# Problem details
Nothing is needed except the lines below that run from the one with "6334 Spring Flower" through the one with "Cadorabo Hülle für", repeated exactly.

# Data records
^^^^

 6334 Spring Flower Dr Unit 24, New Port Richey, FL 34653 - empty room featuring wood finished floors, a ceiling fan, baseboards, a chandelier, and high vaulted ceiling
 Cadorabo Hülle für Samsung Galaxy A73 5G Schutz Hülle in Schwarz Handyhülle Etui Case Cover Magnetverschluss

^^^^

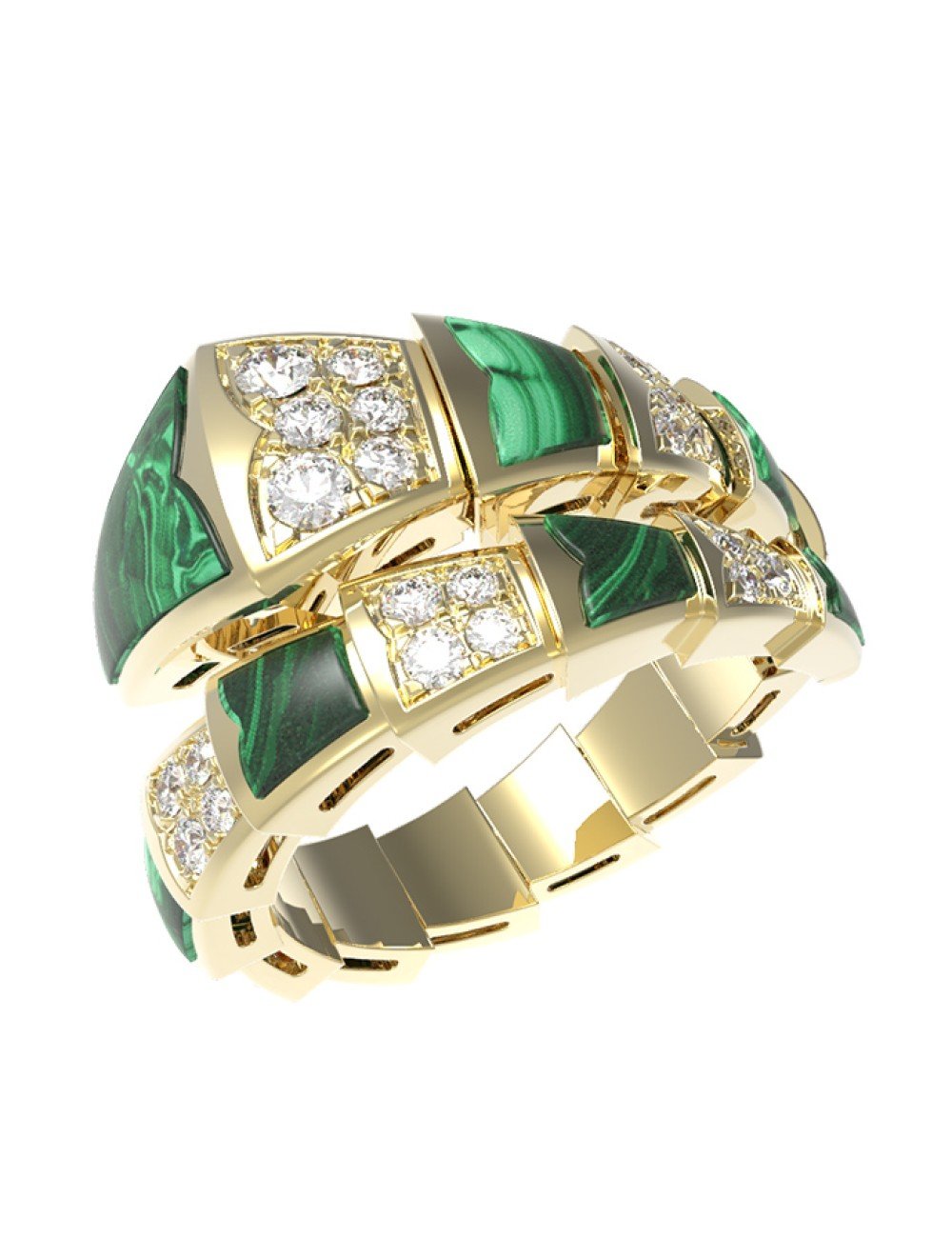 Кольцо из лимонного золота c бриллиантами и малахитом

^^^^

# Written response
 6334 Spring Flower Dr Unit 24, New Port Richey, FL 34653 - empty room featuring wood finished floors, a ceiling fan, baseboards, a chandelier, and high vaulted ceiling
 Cadorabo Hülle für Samsung Galaxy A73 5G Schutz Hülle in Schwarz Handyhülle Etui Case Cover Magnetverschluss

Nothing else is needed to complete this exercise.